There is no clear and explicit directive in the Bible that gay people should be ostracized. So don't do it. The suffering imposed on gay people by the church is so severe that shunning gays had better be backed by a clear and explicit commandment in the Bible, which isn't there.

The Bible says very little about homosexuality, only 6-7 verses. Yet Christians apply absolute standards of morality with absolute penalty based on them. This is for a "sin" that they have no interest in committing. However, there are lots of passages that insist on love, fairness, compassion, and the rejection of legalism. But since Christians routinely violate these ideals the standard of morality is much lower, taking circumstances and degree of harm into account. Homosexuality is the one exception.

The Bible isn't a rulebook. When one passage is pulled out of context it cannot be clearly understood. The Bible is so old that even the most fundamentalist do not take all of it literally. Claiming moral helplessness because "It's in the Bible" does a disservice to the book.

Using Old Testament passages to condemn gay people should not be done because St. Paul tells us not to do that.

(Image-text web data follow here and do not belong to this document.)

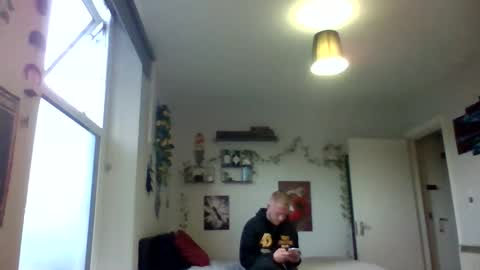 boky_ online show from May 9, 7:52 pm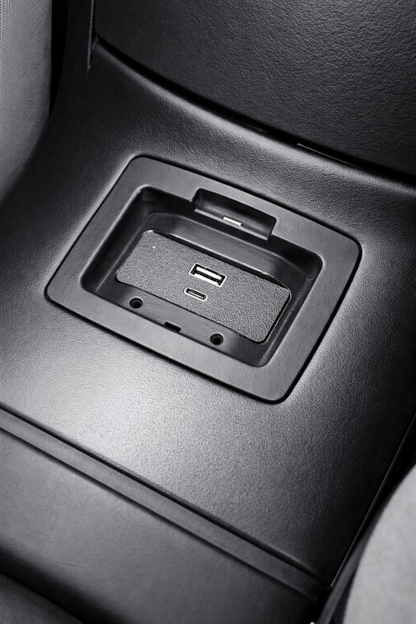 Z4 Quick Charge USB Port - SOS Button Replacement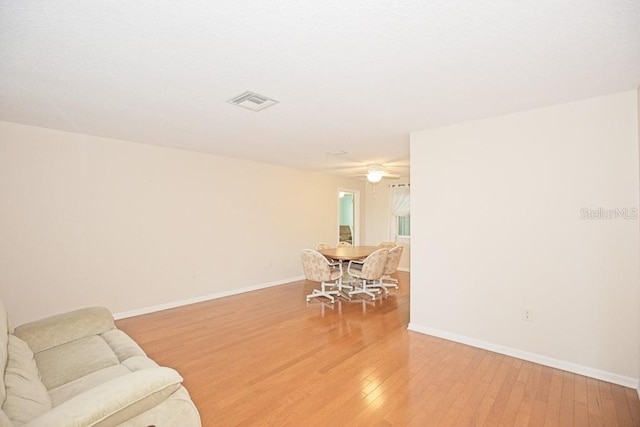 sitting room featuring light wood-type flooring and ceiling fan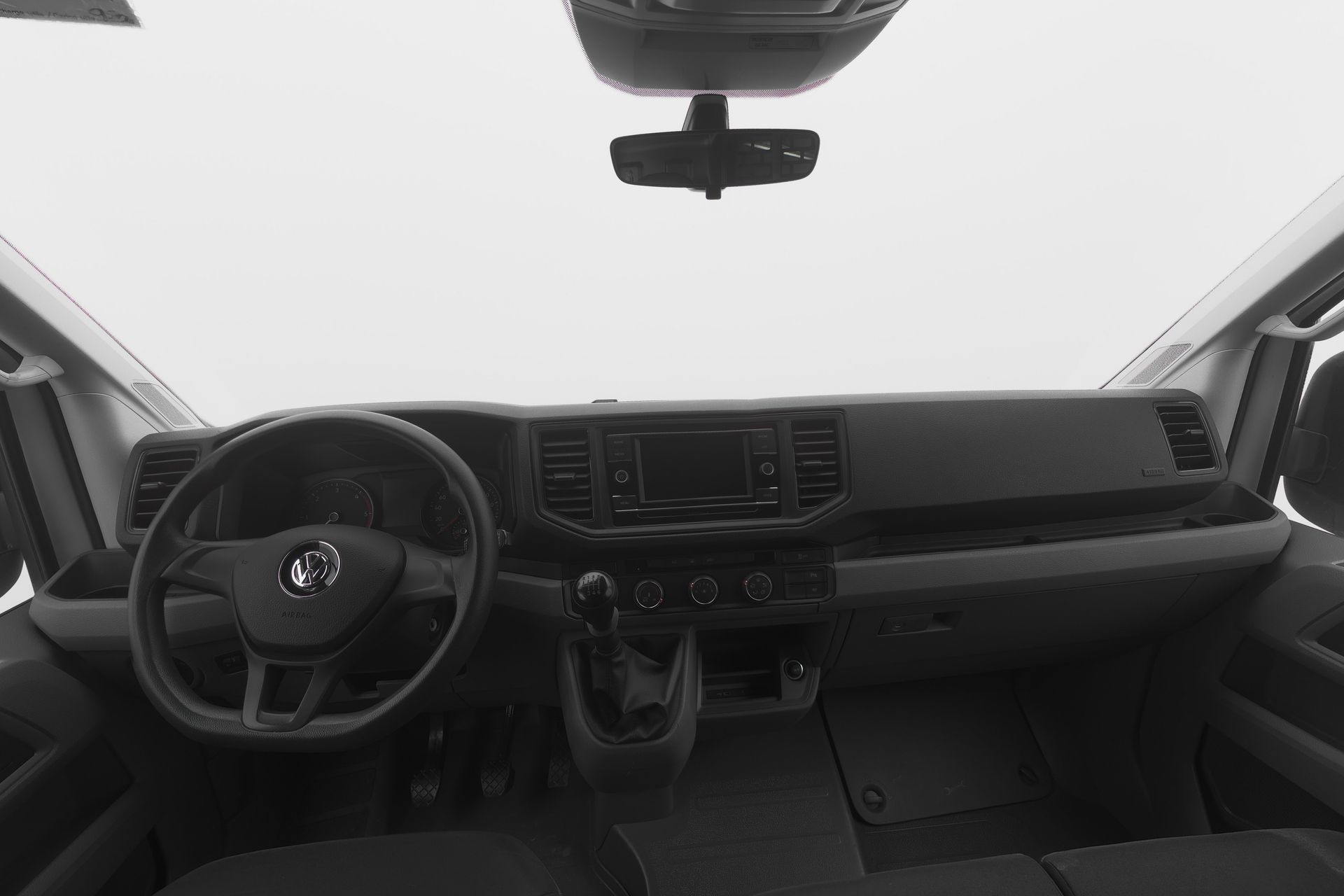 VW Crafter 35 2.0 TDI L4-image-7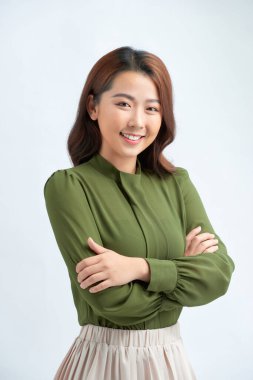 Tecrit edilmiş bir geçmişi olan genç bir kadın kollarını ön cephede çapraz tutuyor.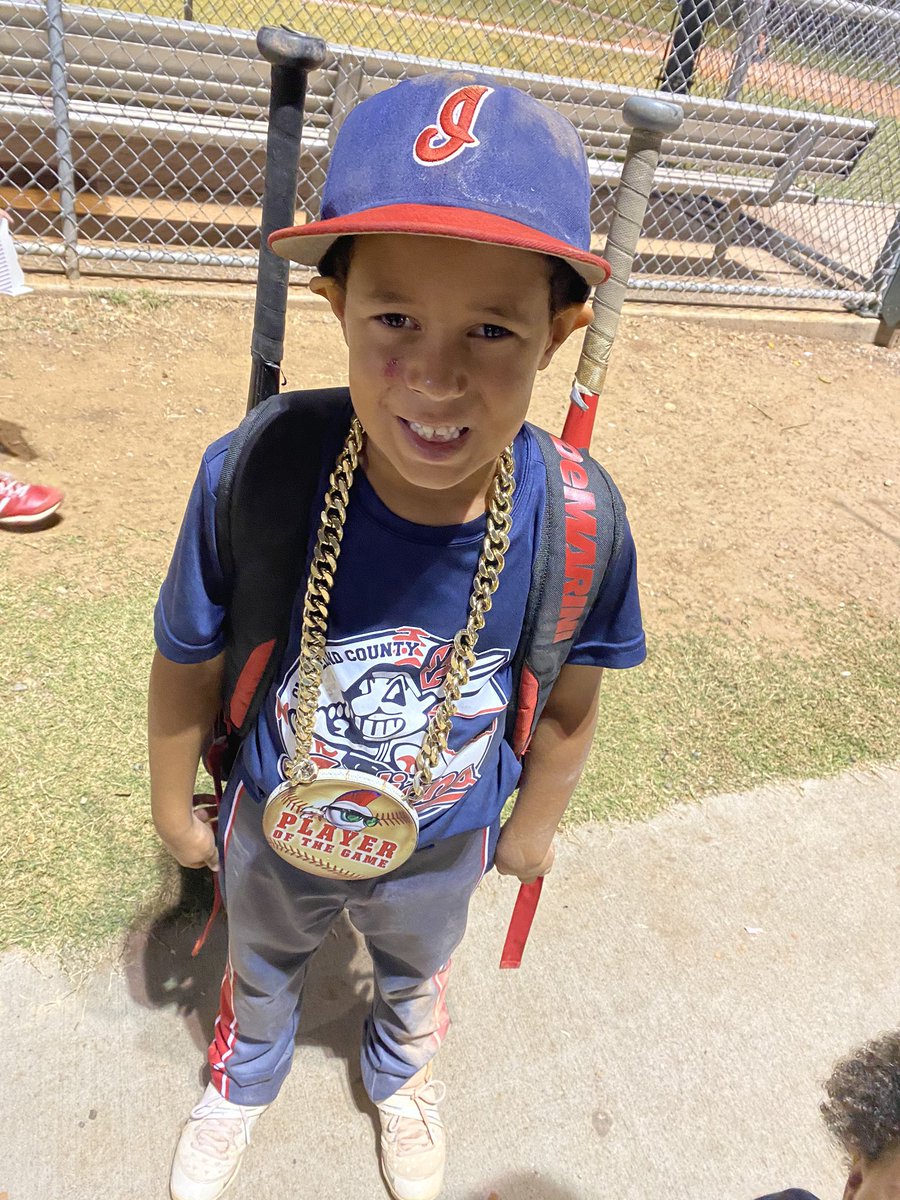 CoachAdvocate21's tweet photo. My 6 year old boy Corban took a rocket off the bat to his face. Same type of play that retired his dad 21 years ago. His team is playing 8U and He cried, then bounced back and went 4-4 from the plate! #CarterBoy https://t.co/HZ8snRRmVr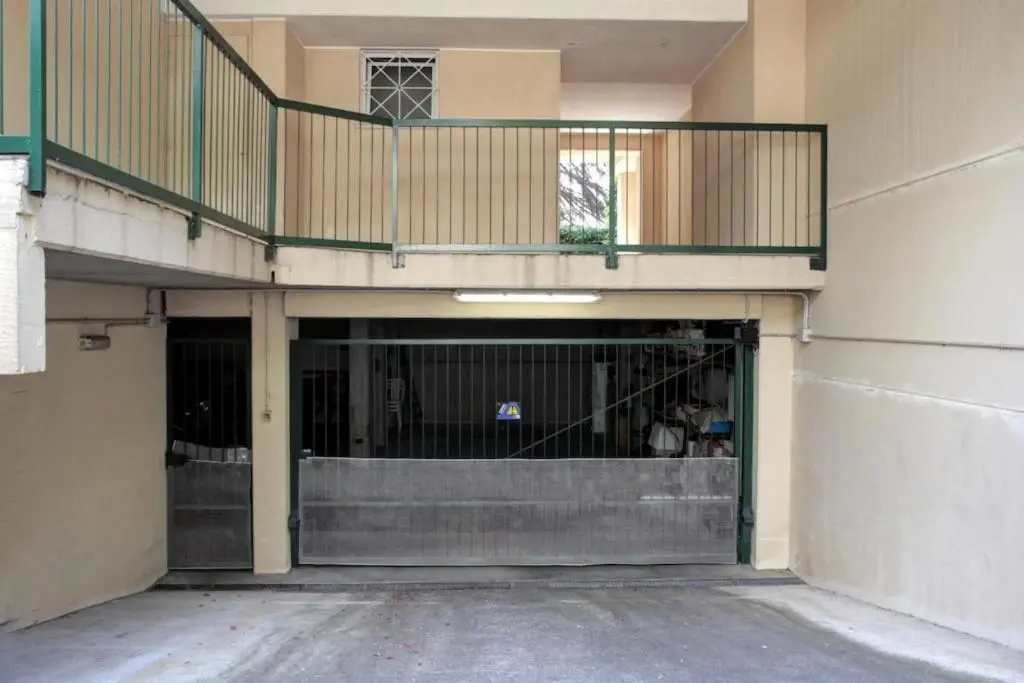Beautiful studio close to beach private parking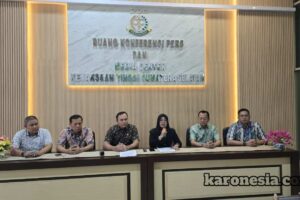 Kejati Sumsel Serahkan 5 Tersangka Korupsi ke Kejari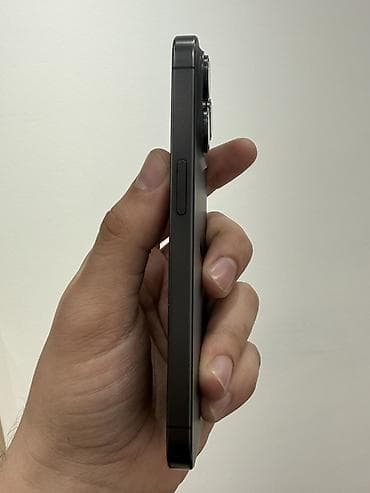 i̇pone 8: IPhone 15 Pro, 256 GB, Space Gray, Face ID — 3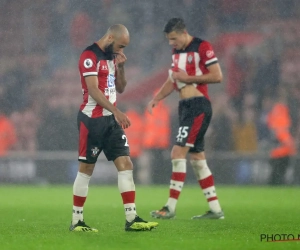 Les joueurs de Southampton et leur coach font un geste après le 0-9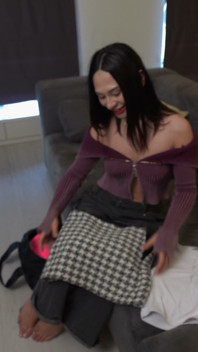 록시 무라이가 그녀의 얼굴에 성관계와 정액을 당하다
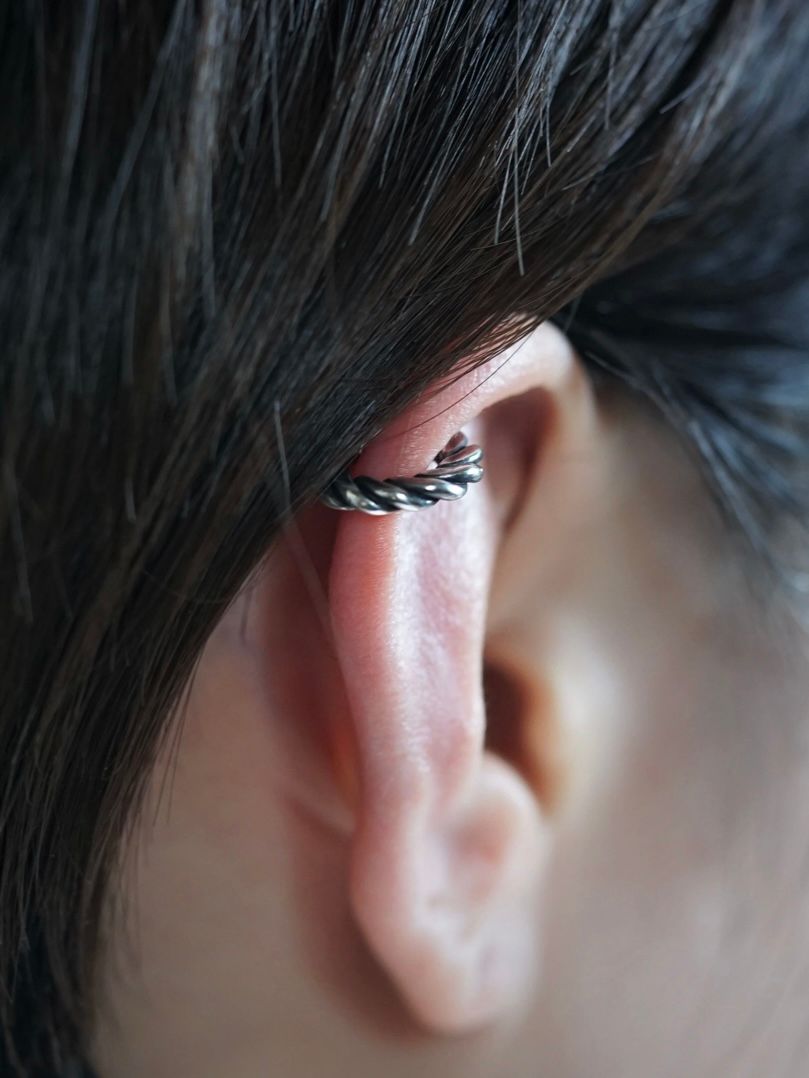 プレス イヤーカフ 片耳 / PRESS EARCUFF (MEDIUM) SV / シルバー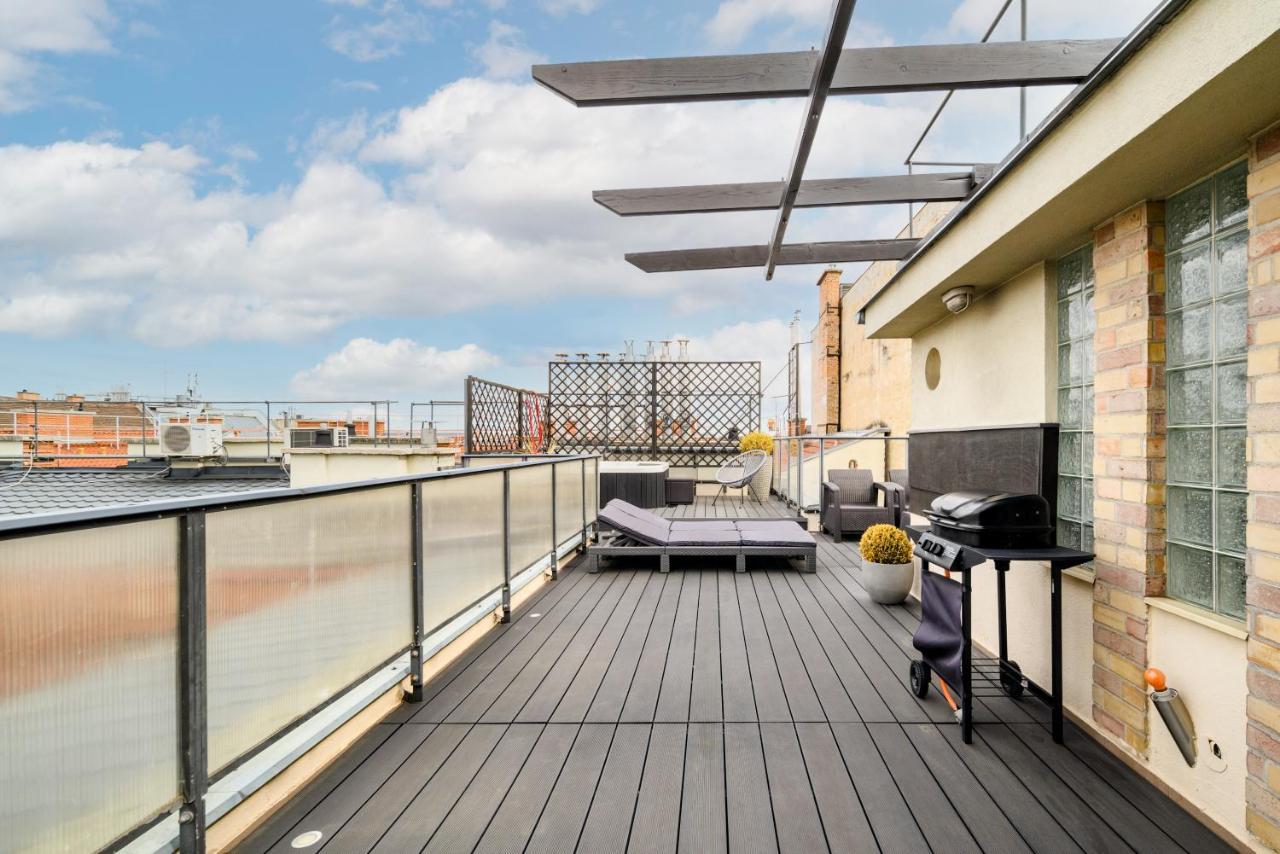 Triplex, Rooftop With Parlament View & Jacuzzi Apartament Budapeszt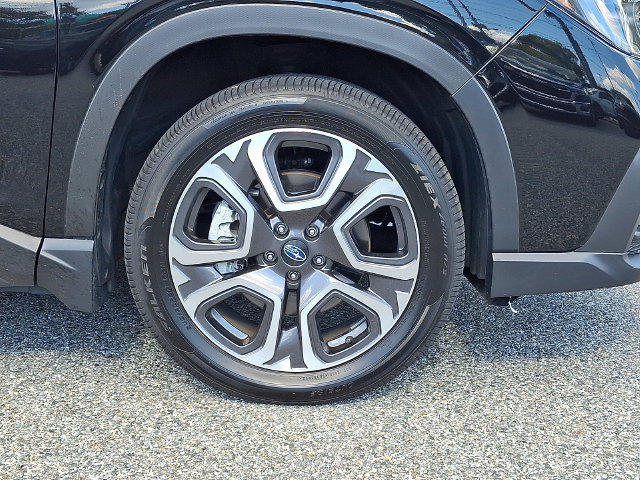 Used 2024 Subaru Ascent Limited w/ Technology Package AWD/4WD image 8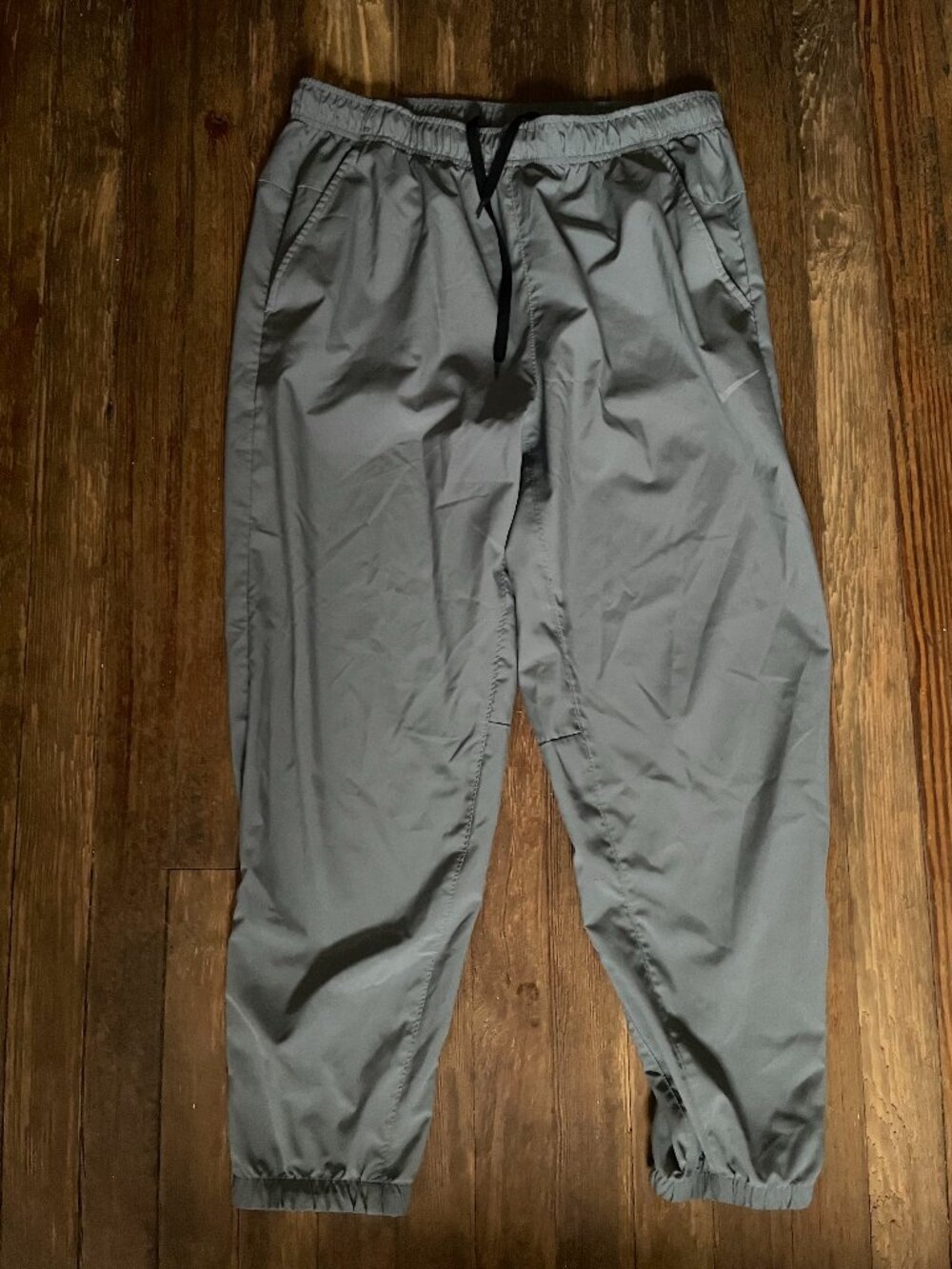 Men's Dri-FIT Tapered Versatile Pants. Large. Steel Gray. Featherweight Light
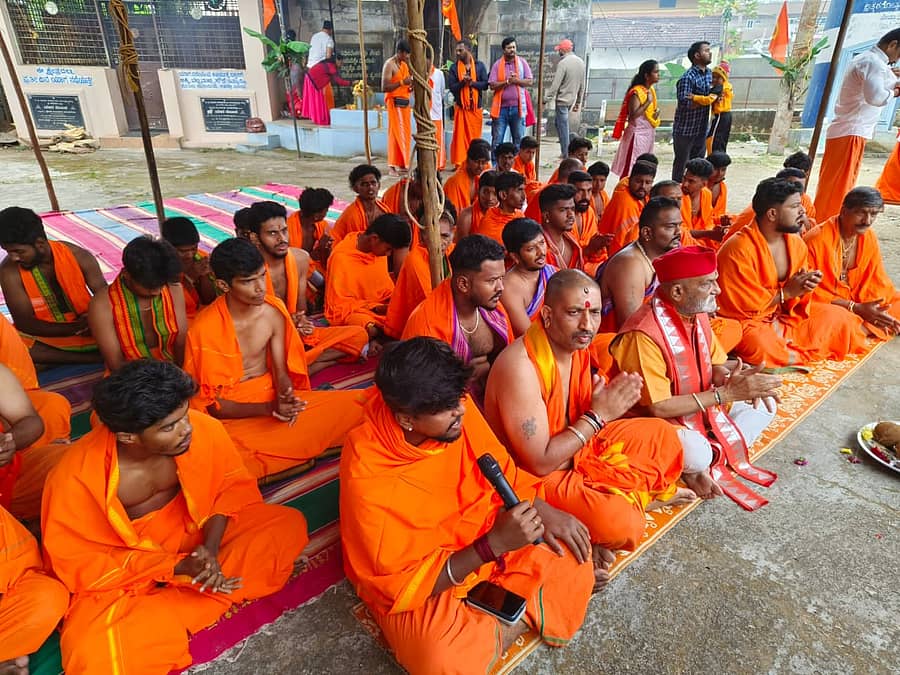 ದತ್ತ ಜಯಂತಿ ಅಂಗವಾಗಿ ದತ್ತ ಭಕ್ತರು ಬುಧವಾರ ಮಾಲೆ ಧಾರಣೆ ಮಾಡಿದರು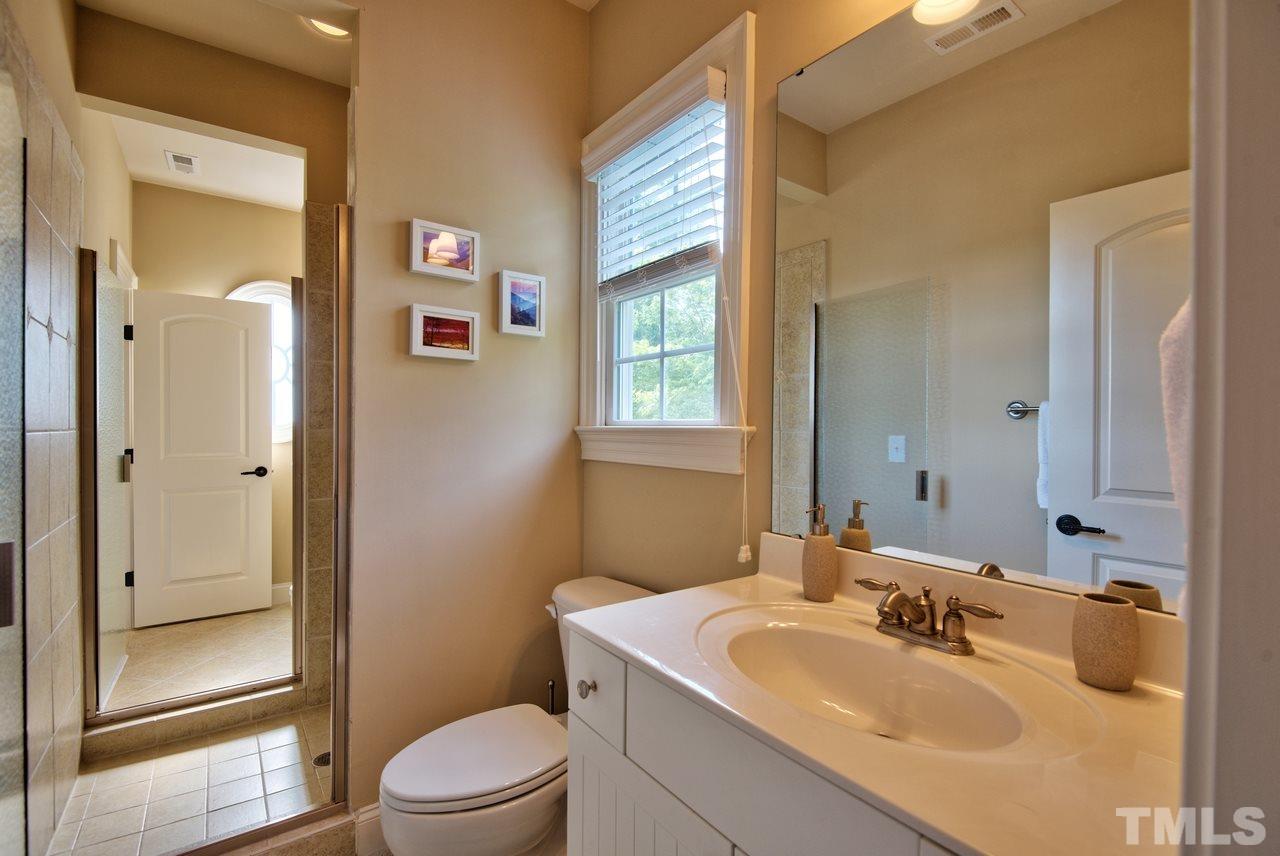 1 Springtree Circle Durham, NC 27712 - Photo 21 of 25 This Bathroom has such a cool design!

Here is one of several such passages:
The former regulation is set aside because it was weak and useless (for the law made nothing perfect), and a better hope is introduced, by which we draw near to God. —Hebrews 7:18-19
There are already so many Old Testament laws we ignore, such as the dietary laws.

As for the New Testament, we've already decided that many of its directives no longer apply to today. This includes women required to remain quiet in church. We no longer use the Bible to justify slavery and denying women the right to vote.

In the same way the New Testament verses describing homosexuality must be understood within their historical context. And the context Paul was writing about was coercive, non-consensual sex between men and boys. This was about power, not love. The same kind of coercion between a man and a woman is also condemned. In addition, the concept of a homosexual orientation was unknown to Paul so he was talking about straight people going against their nature. Paul couldn't have been writing about homosexuality any more than he could have been writing about smartphones.

Because the concept of gay marriage was unknown to Paul he couldn't say anything about sex acts within it. And because all sex acts outside of marriage are considered sin, denying gay marriage condemns gay couples to sin. So Christians cause gay couples to sin, then blame them for that sin. Unfair.

Thinking that gay sex is icky does not make it a sin.

Shore concludes this way:
Christians desiring to do and live the will of Jesus are morally obligated to always err on the side of love. Taken all together, the evidence—the social context in which the Bible was written, the lack of the very concept of gay people in Paul’s time, the inability of gay people to marry, the inequity between how the clobber passages are applied between a majority and a minority population, the injustice of exclusion from God’s church on earth and from human love as the punishment for a state of being over which one has no choice—conclusively shows that choosing to condemn and exclude gay people based on the Bible is the morally incorrect choice.